Facebook

komli vizisense logoUpdated Below

If Rediff Is Number 5 on Komli’s Vizisense, Will They Validate It?

Komli Media has launched Vizisense, an online audience measurement system. Comscore, despite its reported inaccuracy and lack trasparency of its methodology, is an accepted audience measurement system in India, and IMRB International is also planning to launch their own audience measurement system in the next few months. Both of these systems are likely to be paid, so what’s really interesting is the fact that Komli has decided to make Vizisense available for free

We spoke to Amar Goel, CEO of Komli, who told us that Vizisense is using three levels of data sources:
– Panel: they’re tracking the Internet usage of over 10,000 users
– Analytics: statistics from the websites which install the analytics
– Census Data: from the Indian census, in order to help triangulate findings

Now this data can be mutually exclusive, since not all publishers may be using Komli’s data tracker – but Goel said that they can still make valuable conclusions about websites based on consumer behaviour – for example, “Lets’s say you go to a site that is 90% male, and another site which is 90% male…we can conclude with some probability that you’re male.”

The data is available publically as well…search for a site here for its audience data.

The Differentiator: Demographic Data

Komli is thus providing publishers with key demographic data like Gender, Age, Income, Education level and Marital Status, apart from the usual stats which something like a Google Analytics or Piwik may offer. Mind you, no two statistics packages give the exact same information either. Satish Kadu, VP (Product Development) told MediaNama that Komli is planning to expand the sample base to 100,000 within a few weeks.
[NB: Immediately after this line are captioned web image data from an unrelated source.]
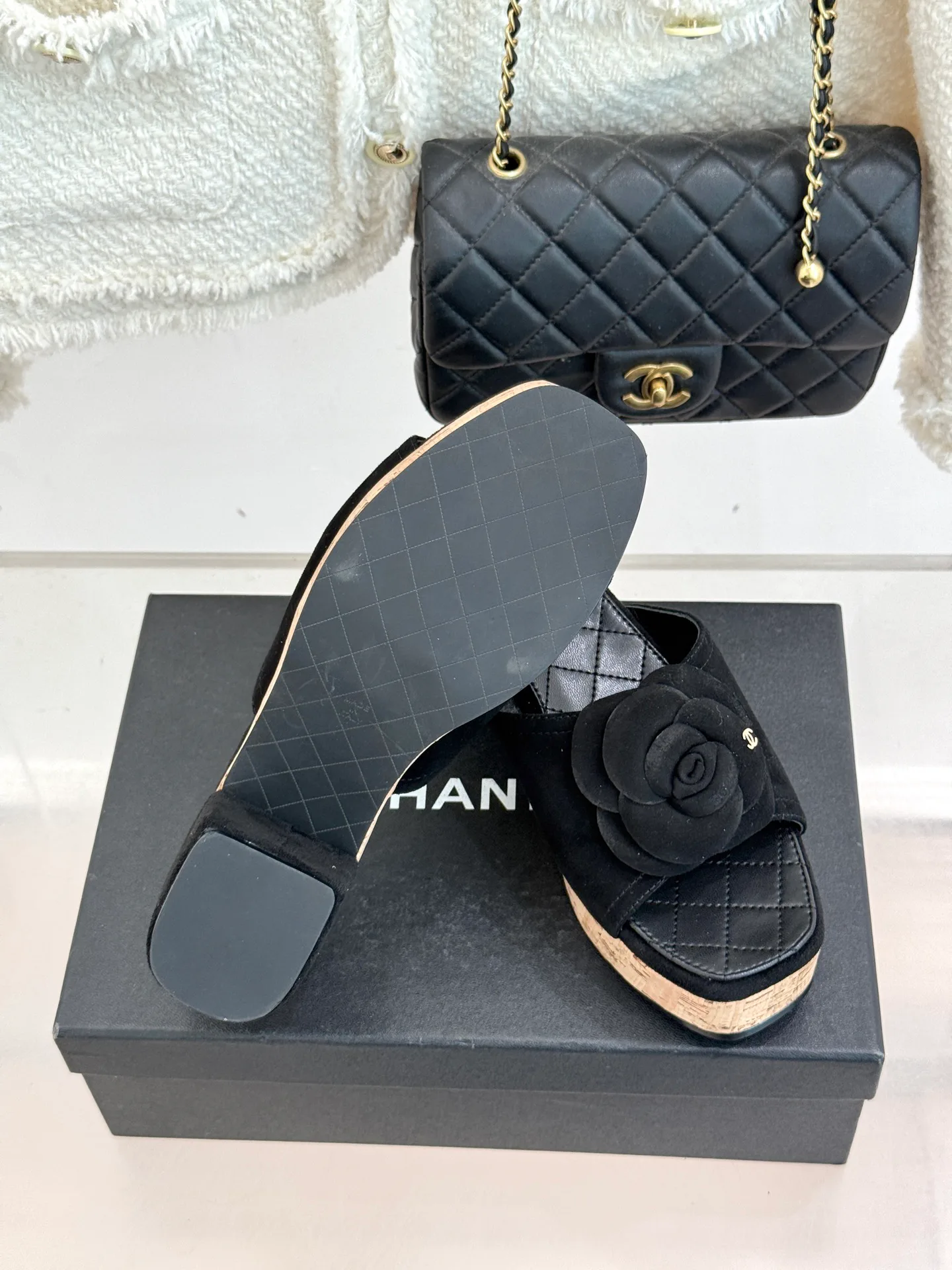 Босоножки Женские Chanel 1262093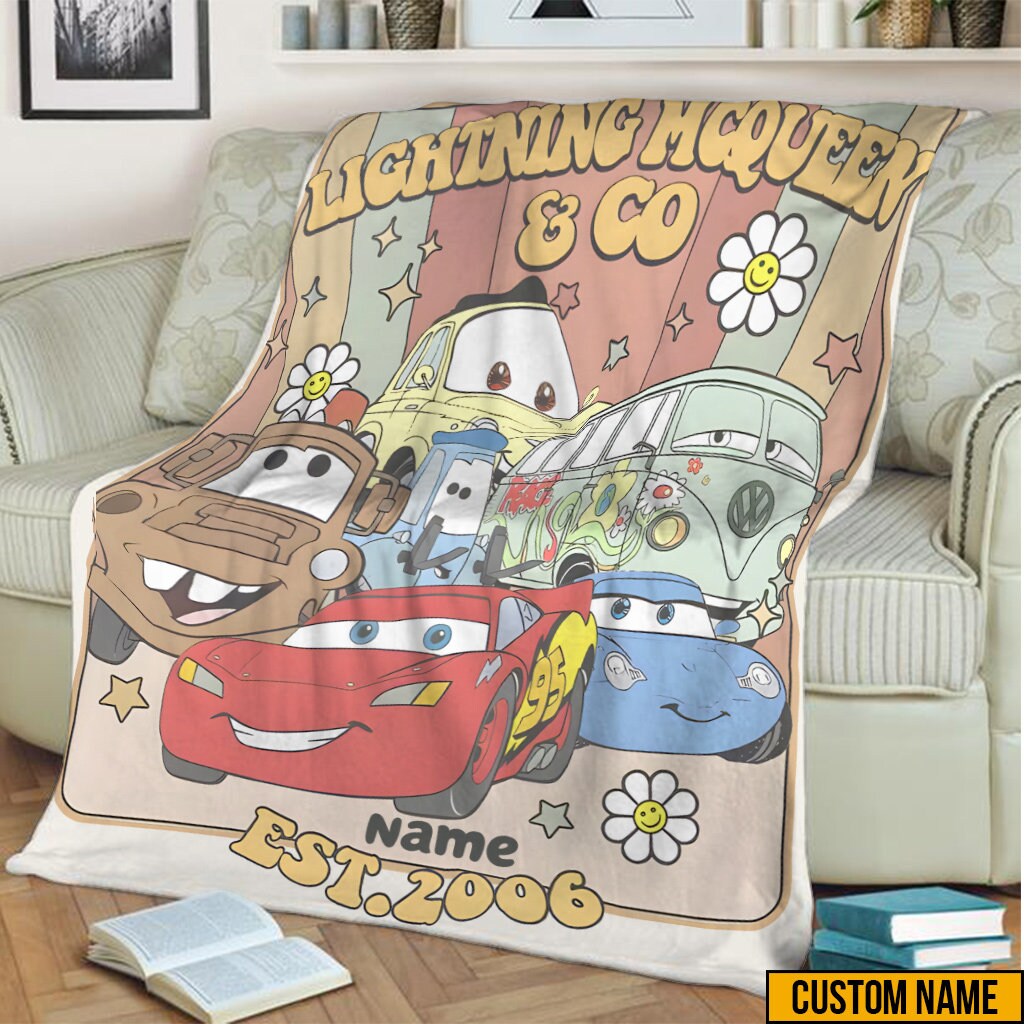 Cars Pixar Blanket - Etsy Singapore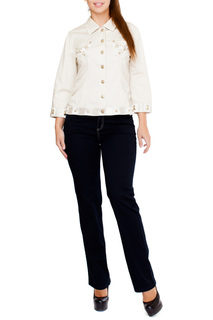 Жакет женский LAFEI-NIER K86438E-F бежевый 4XL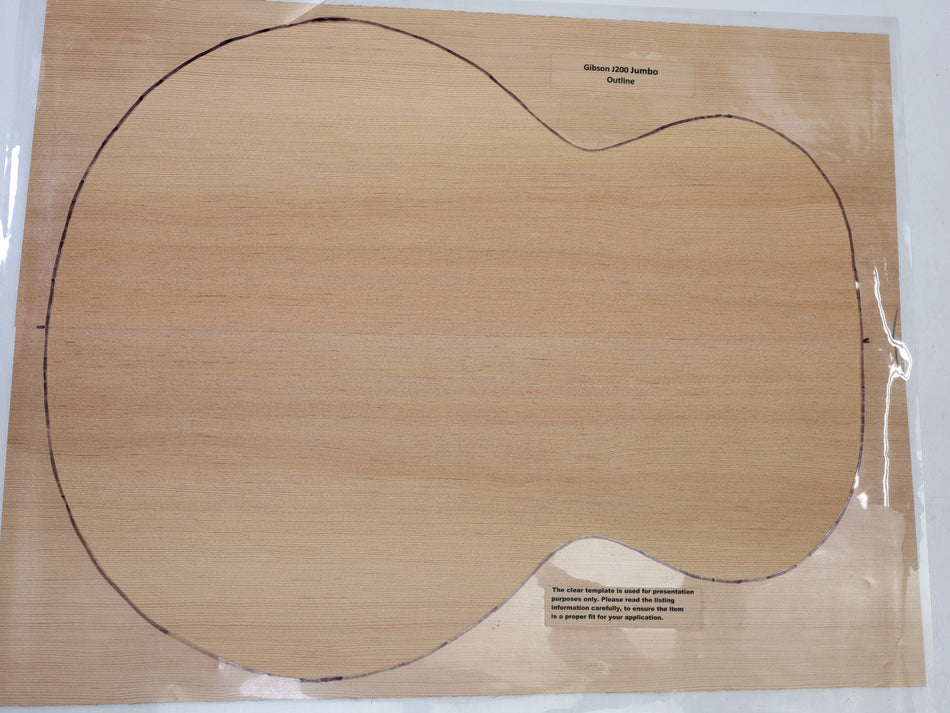 Douglas-Fir Jumbo Guitar Set, 4.8 mm thick (Standard 3★) - Stock# 6-7523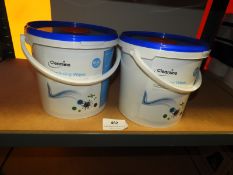 *2 Tubs Containing 1000 Santising Wipes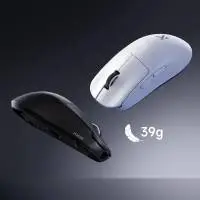 MCHOSE професионална геймърска мишка L7 Ultra Plus Black - Wireless Gaming Mouse - Dual 8K, Kailh Optical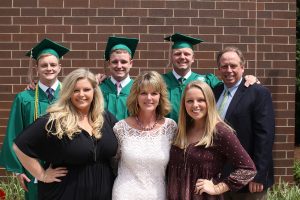 Smith family at commencement.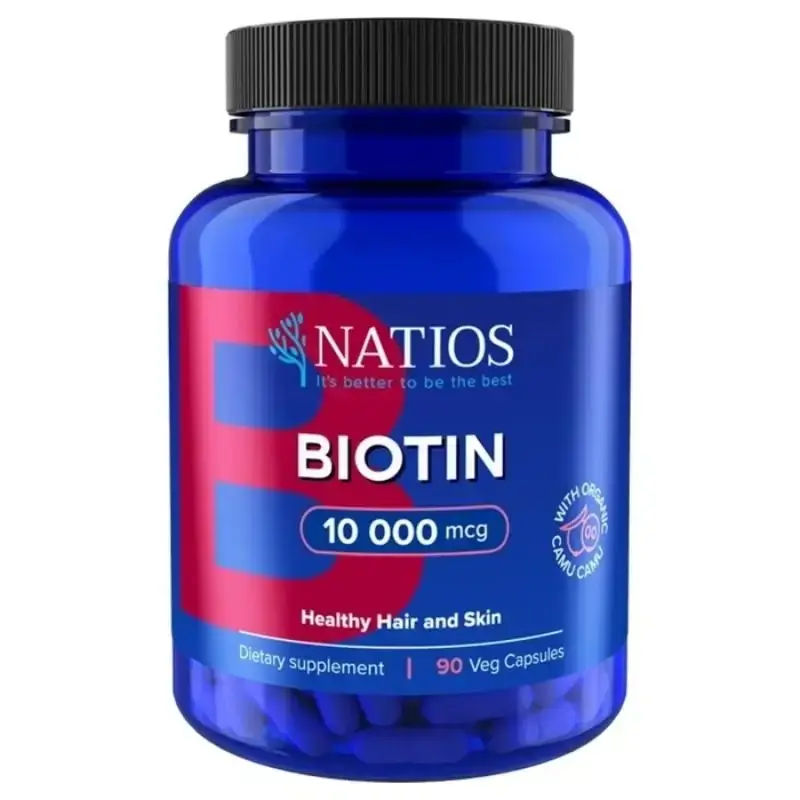Víkendová Akce Natios Biotin Extra Strength 90 veganských kapslí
According to Goel, users have agreed to download a software on their desktop, and anonymously share their surfing habits. Komli will verify their demographic data using contest forms, or asking them to share inputs on a regular basis. The users were recruited using online marketing. Komli expects publishers to adopt Vizisense because it gives them additional information from this panel.

Accurate Data?

It’s important here to keep in mind that the demographic mix of the panel will have a significant impact on the data available to publishers. More than horizontals, demographic mix has a significant impact on niche portals. I spoke at length with Kadu, to get a better understanding of how this demographic mix is defined. He said that this is an iterative process, and the data will improve with time. They’re doing the maximum to ensure more accuracy:

1. Bigger sample – Planning to expand the panel size from between 10-15,000 to between 100,000 50,000-100,000 in a few weeks
2. Targeting varied audiences for the panel signups for a well diversified sample
3. Removing the self selection bias, by triangulation of information from the panel data, actual publisher data
4. Using advanced techiques like Monte Carlo simulation, for multiple randomly picked up test samples.

Some Hurdles
1. Acceptance from larger publishers: Rediff claims to be number one in India, according to Comscore. At the same time, many other publishers have told us that their own Comscore information does not tally with their internal statistics. Yet, listed entities like Info Edge (disclosure: I own shares of Info Edge) and Rediff continue to cite Comscore in their earnings reports because it is an accepted and independent third party measurement system…The problem that Komli will face is – larger publishers will accept the information if they rank high, else they’ll reject it. So will Rediff accept being ranked Number 5 in India, when Comscore ranks them as Number 1? Not likely. Kadu responded, saying that Vizisense is not positioned to be a ratings system. (I wonder why they’ve got rankings then…)
 
In that context, the key to the acceptance of Vizisense then lies with smaller publishers who haven’t bought Comscores paid services, and the media planners who will probably use Vizisense for demographic inputs on sites – at present they use everything from Alexa, Google Ad Planner, Compete, and inputs from publishers.
 
2. Publishers Want Ambiguity: Not all publishers will want to share exact statistics with advertisers and media planners. While traffic data is key to monetization, it is competitive information, and they would prefer some ambiguity to remain. According to Kadu, “we believe that this information is of clear benefit to publishers, since it will be used to reach out to media planners and advertisers, and it acts as a part of their media kit. At the same time, we’re considering mechanisms to incorporate privacy.”  

*

Apart from the demographic information that we’ve mentioned above, Vizisense has two other differentiators – that they could soon be measuring information from 100,000 50,000-100,000 users, and the fact that it is free.  
IMRB International will most certainly have to rethink their strategy, but at the end of the day, it boils down to what the media buyers accept as the norm.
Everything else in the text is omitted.